That is something that is being a lost art or procedure. I am seeing very little new lines blazed now days. I retraced one last year that some of the blazed trees were actually called out along a line so running NE dist through a hickory tree blazed to found iron. I am in the process now of buying a farm and the first time on site I had the plat and started out walking near the lines and wow what a great job the surveyor did. Had trees chopped all along the line which led me to my first monument which was very easy to find from the chops. I just kicked the leaves around and bam there it was. That survey was from the mid 90’s and I ran into that surveyor a few weeks later as I was hauling some hay.

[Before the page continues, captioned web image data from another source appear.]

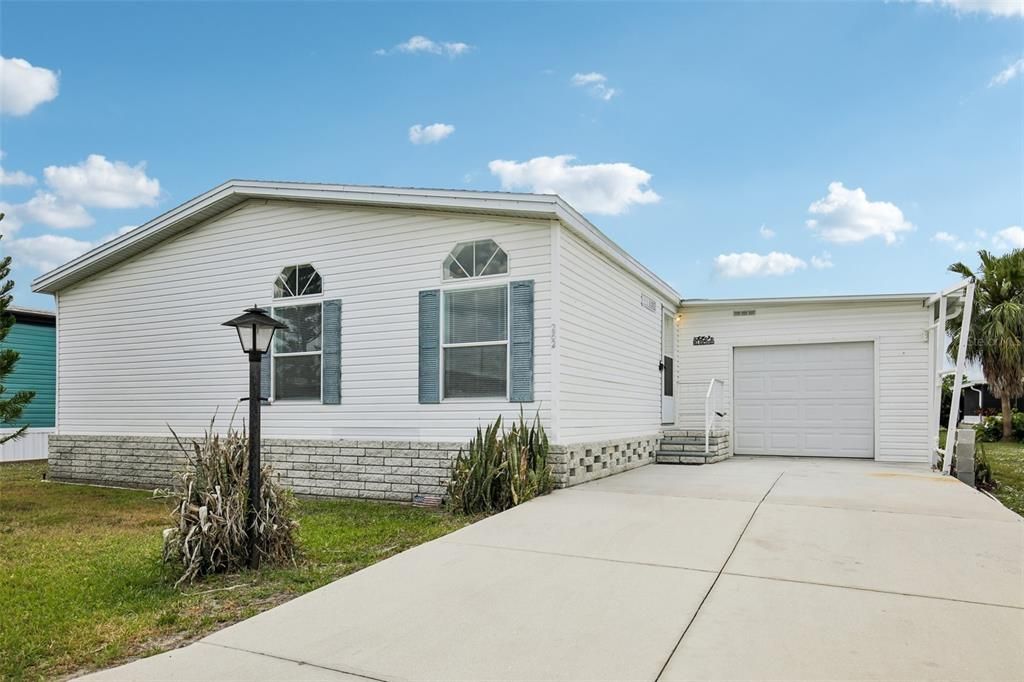 Active With Contract: $219,900 (4 beds, 2 baths, 1860 Square Feet)
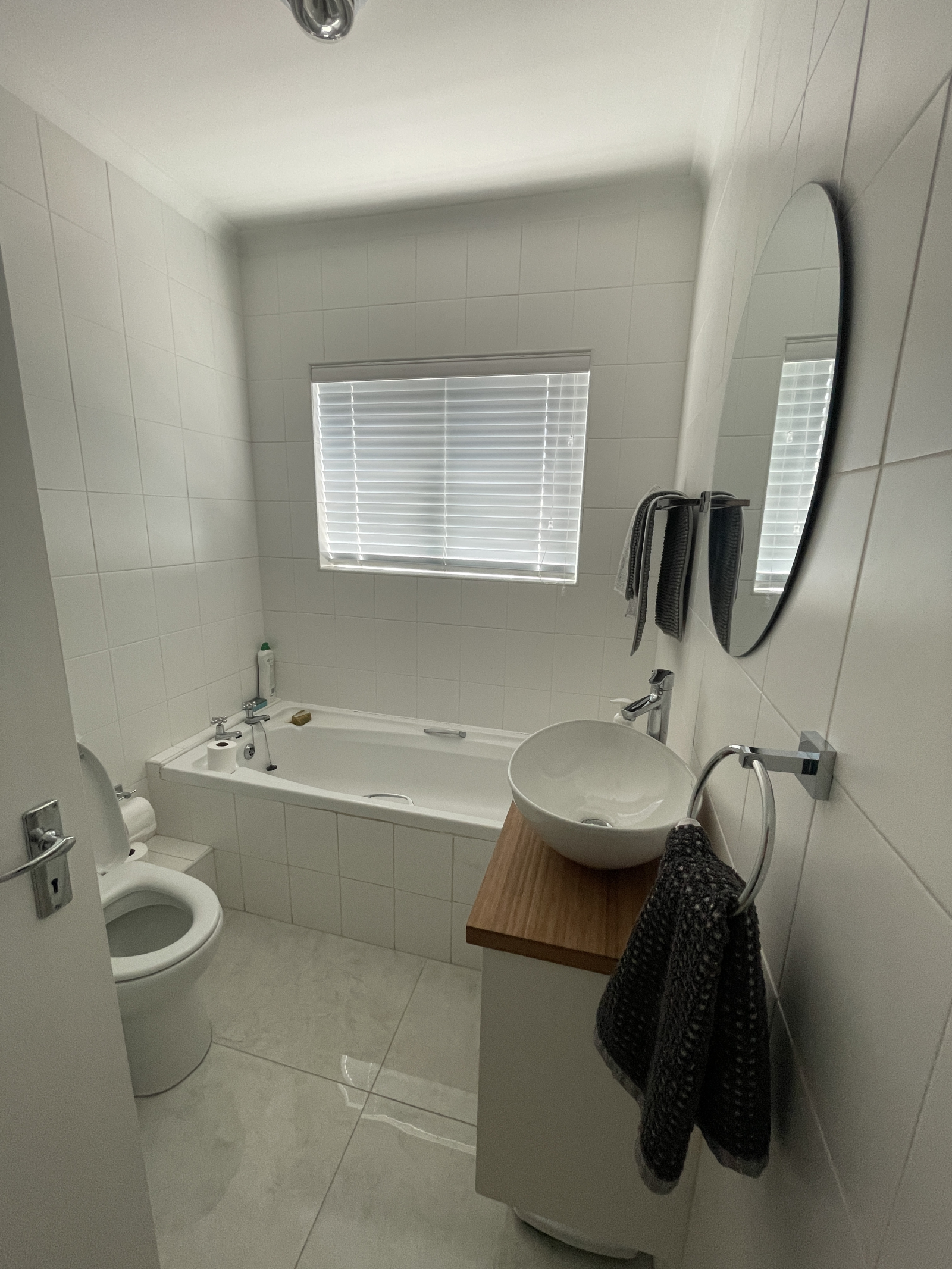 Grote badkamer met bad, douche etc. (douche achter de deur)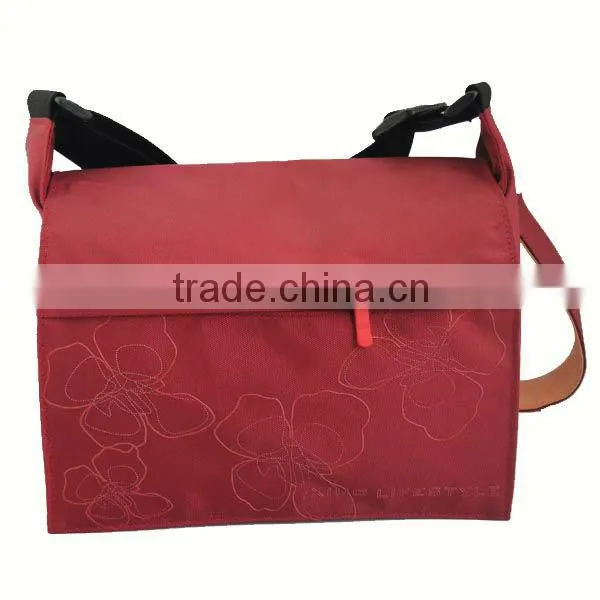 Sling camera bag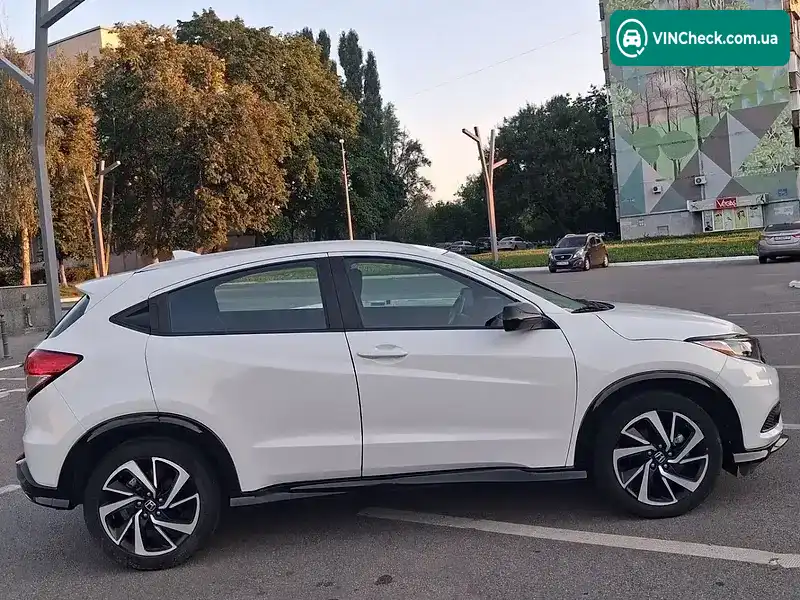 Honda HR-V 2018, фото з оголошення 2 з 11, VIN 3CZRU6H10KM702602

I had to stop and shake his hand and bother him a bit as he was out looking over a site. Do you have your crews blaze line anymore or is it just flagging etc.
"Not really on topic, but one of the counties I currently work in has thousands of descriptions that read “the North 10 acres” or “the East 10 acres” or some other reference to only area."
Very much on topic, IMO. But for the answer as to whether the area is held or not we have to go outside of the deed and look into what the adjoining owners did subsequent to the land division. We may have an unwritten boundary agreement, in some form, that fixes the boundary in a location that yields a different area.
If the deed specifies area only, and then the parties have it surveyed and monumented, and then quietly occupy in accordance with the monuments for an extended period of time, then you have a practical location, and the monuments hold over the area. Same if they simply agreed on a location of a dividing fence, or some other identifiable line.
Nevertheless, there is an Oregon case (Aspinwall v. Dunlavy) where acreages were sold by metes and bounds (which dimensions yielded an exact area, and the price paid was set by area), without mentioning monuments. But there were monuments, which the buyer had no knowledge of and did not learn of until years later. The court ruled that the dimensions of the deed held over the monuments. We might say that monuments are paramount, but only if all the parties know of them, or, at least, have reasonable notice that they exist.
Hearsay is called parole evidence but is another one of the last resort items to consider when other evidence is available.